One can sense every emotion from Brickhill's writing: The cursing of the diggers when buried by sandfalls while excavating the tunnels, the frustration of those attempting to remove the outer cover of tunnel Harry's exit shaft, the shock of the discovery that Harry's exit was as much as 30 feet short of the woods, the fury of the Germans at discovery of the mass escape, etc. One can also see that the evacuation of 200 POWs through one tunnel in one night, even without setbacks (such as the air raid) turned out to be an impossible goal. Most men in the tunnel took much longer than 2-3 minutes to get through it.

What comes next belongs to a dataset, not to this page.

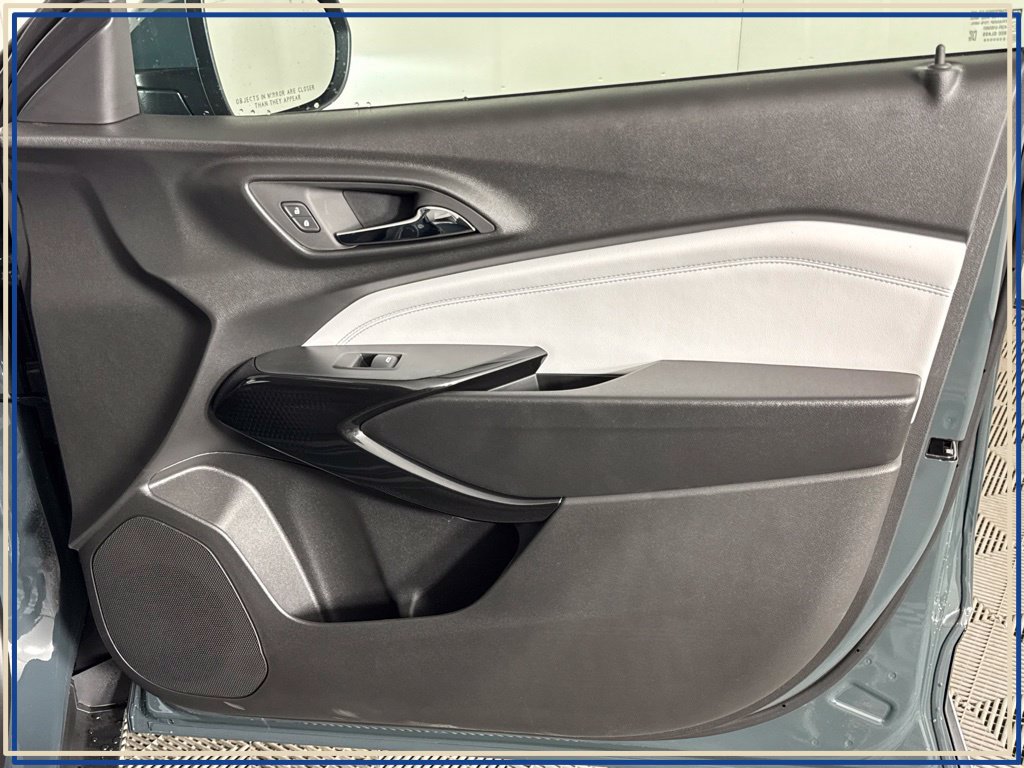New 2026 Chevrolet Trax LT w/ LT Convenience Package FWD image 33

In fact, several got stuck several times.

A major factor leading to the rapid capture of most of the "hardarsers" (those striking out on foot) was the snow on the ground. It forced most of the men to walk on or near the roads, where they were easily spotted and apprehended for questioning.

Brickhill also devotes some detail to the pursuit of the German murderers of 50 of the escapees. He recounts the lack of cooperation of the Soviet-imposed Communist puppet government of Poland, in which the previously-German Stalag Luft III campsite had found itself after the establishment of the Oder-Neisse line as the postwar boundary of Poland. (Of course, Brickhill could not have foresawn the fact that after Communism fell in Poland after 45 years, the Polish officials were free to express an avid interest in the onetime site of the camp).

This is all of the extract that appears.